**** INFORMATION PROVIDED ****

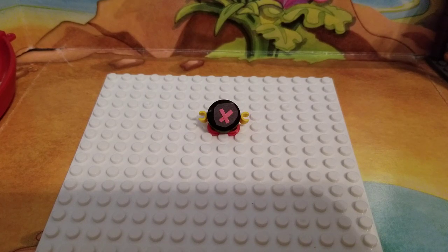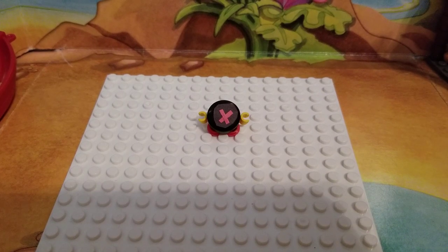Hey guys, Cool Kai here, back with another video. Today we're going to be looking at a little thing I made — it's the Hockey Puck from the original Toy Story movie, the very first one. I'm hoping to see him in Toy Story 4 as a little cameo, but he had a 10 second role in the movie, so he's not a very big character. I thought I'd make him just to give him some fame.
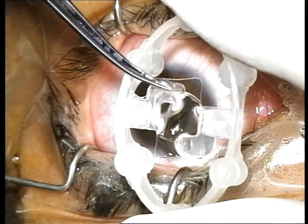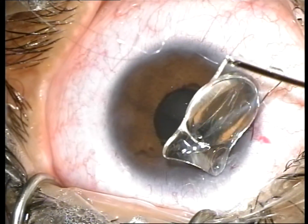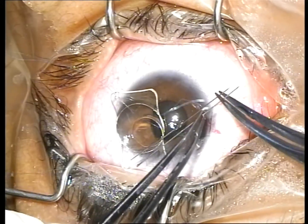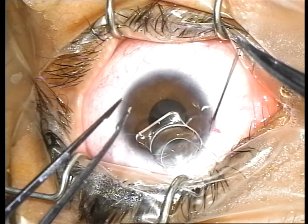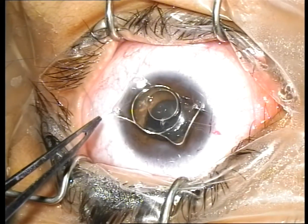The middle of a 10-0 polypropylene suture is grasped with micro forceps and passed through the hole of the leading haptic of the IOL. The needles are threaded into the loop of the suture and a Lassi-Hitchcock knot is formed at the leading haptic of the IOL.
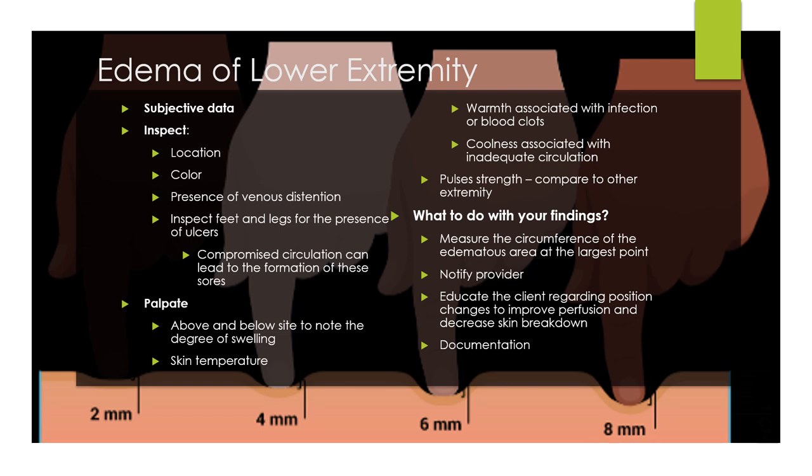The edema scale goes from plus one to plus four. Plus one equals 2mm, plus two equals 4mm, plus three equals 6mm, plus four equals 8mm. You just multiply the number by two to get how many millimeters of indentation.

****

- **AIM OF THE TASK**
Nothing but the lines from the start of the listing through the line with "The middle of" belongs in the answer, each one retyped exactly and without pictures.

- **ANSWER SECTION**
Hey guys, Cool Kai here, back with another video. Today we're going to be looking at a little thing I made — it's the Hockey Puck from the original Toy Story movie, the very first one. I'm hoping to see him in Toy Story 4 as a little cameo, but he had a 10 second role in the movie, so he's not a very big character. I thought I'd make him just to give him some fame.
The middle of a 10-0 polypropylene suture is grasped with micro forceps and passed through the hole of the leading haptic of the IOL. The needles are threaded into the loop of the suture and a Lassi-Hitchcock knot is formed at the leading haptic of the IOL.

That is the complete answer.